Presented in the Un Certain Regard section at the 2026 Cannes Film Festival, Titanic Ocean is a Japanese-language film set in a mermaid performance academy, a premise that already feels like something more often described than truly inhabited on screen. From Greek director Konstantina Kotzamani, the film treats its material with a quiet emotional focus that gradually changes how each scene is read, shifting it away from any idea of conceptual novelty toward something more unstable and immersive. The setting remains unusual throughout, but it doesn’t feel artificial, instead it carries a tangible emotional weight that stays grounded beneath the surface. The academy is a closed space where identity starts to feel fragile, and even the smallest gesture can slip into performance before it has time to become something properly felt.

A boarding school trains teenage girls to become professional mermaids for aquatic shows. Seventeen-year-old Akame undergoes strict breath control and choreographed performances, her identity increasingly shaped and constrained by the demands of spectacle. In this controlled world, performance and self begin to blur as an inner siren voice emerges, unsettling the boundary between training and transformation. As first love unfolds inside the enclosed academy, intimacy and performance mix with it, and Akame’s path of growth and change becomes harder to reverse. What she is becoming is no longer something she can step in and out of, but a deeper psychological and bodily shift, where becoming a mermaid stops feeling like something she does and starts feeling like something she is.
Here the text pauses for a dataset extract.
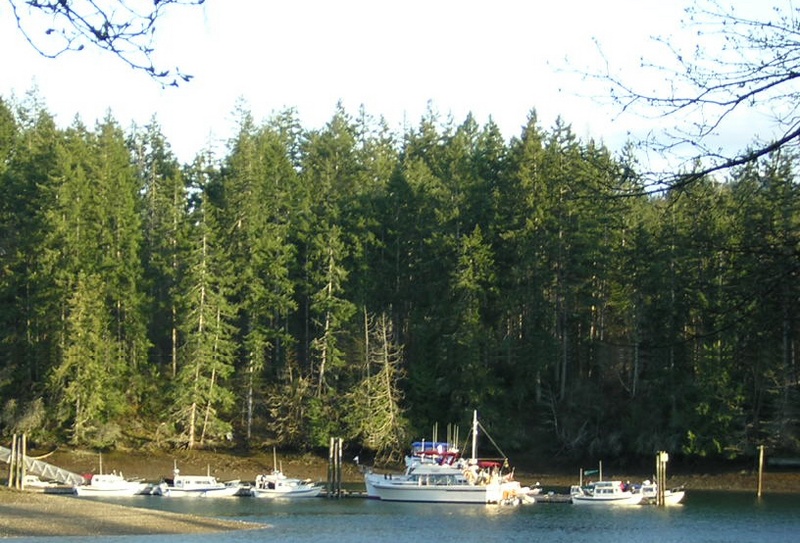 (Jeff and Diane) Jarrell's Cove View from Marina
The film’s greatest strength is probably the fact that it never loses control of its own emotional language. There are plenty of recent festival films built around dreamlike atmospheres that eventually drift into vagueness because the directors confuse ambiguity with depth. Titanic Ocean avoids that problem almost entirely. Even during its more surreal moments, the emotional logic remains intact. Characters react according to emotional instinct rather than screenplay symbolism, and that consistency allows the film to maintain credibility all the way through. It generates a peculiar feeling while watching it, almost as if the film were floating slightly outside reality without ever disconnecting from recognisable emotional behavior. Kotzamani’s direction is what structures this level of control, shaping performance through framing, rhythm, and duration rather than through overt emotional signposting. Within this system, Arisa Sasaki’s central role as Akame (or Deep Sea) doesn’t reveal itself right away. The main character often observes as if watching herself from a slight distance, testing what still feels authentic in actions that have become almost automatic through repetition. Kotzamani’s camera stays with this instability without trying to resolve it, lingering on small shifts in posture, slight reactions, and moments where the body seems to break its own continuity.
Inside the academy, individuality is constantly encouraged and erased at the same time. The girls are expected to distinguish themselves while remaining visually interchangeable inside the spectacle they collectively create. There’s a constant sense that these characters can barely hear themselves think under the pressure of expectation, competition, and loneliness. Deep Sea’s emotional arc works because it doesn’t turn self-discovery into something neat or comforting. She keeps descending, emotionally and literally, trying to reach something beneath the identities she performs for others, without turning the process into clear breakthroughs or easily readable reactions. The underwater imagery obviously carries metaphorical weight, though the film handles it with enough restraint that it never starts feeling schematic. Water becomes a place where speech disappears and bodies move differently, where identity itself loses stable definition. Some of the strongest scenes in the film happen precisely in these submerged spaces, where the physical awkwardness of movement says more about the characters than dialogue could.

The use of the song I Follow Rivers arrives at a precise point, when Deep Sea starts to feel herself from within rather than through how she is seen. The repetition of her name inside the song makes the sequence more intimate, as if she briefly hears her own voice reflected back. Kotzamani keeps the scene controlled and the shift comes quietly, almost indirectly.
I, I follow
I follow you, deep sea, baby
I follow you
If I have a subtle hesitation about the film, it concerns the editing and its overall length. There is enough emotional material to justify a slower pace, but certain scenes remain onscreen slightly beyond the point where they continue accumulating meaning, and the emotional momentum occasionally flattens because of it. I feel that a sharper cut (somewhere around 115 minutes) would strengthen the film without sacrificing its atmosphere.
Titanic Ocean feels sincere and emotionally grounded, never turning its unusual premise into a showcase of stylistic display, even when the material could easily move in that direction. Even when the world becomes stylised or dreamlike, it keeps a clear emotional logic that carries through its more abstract moments without slipping into self-awareness. That coherence runs through the film from start to finish, supported by a tightly controlled atmosphere and a central performance that keeps the psychological focus intact. We follow Deep Sea through to the end, as “I Follow Rivers” gathers the journey into a single line of pursuit, carrying her toward a point where she finally meets something like herself without needing to explain it.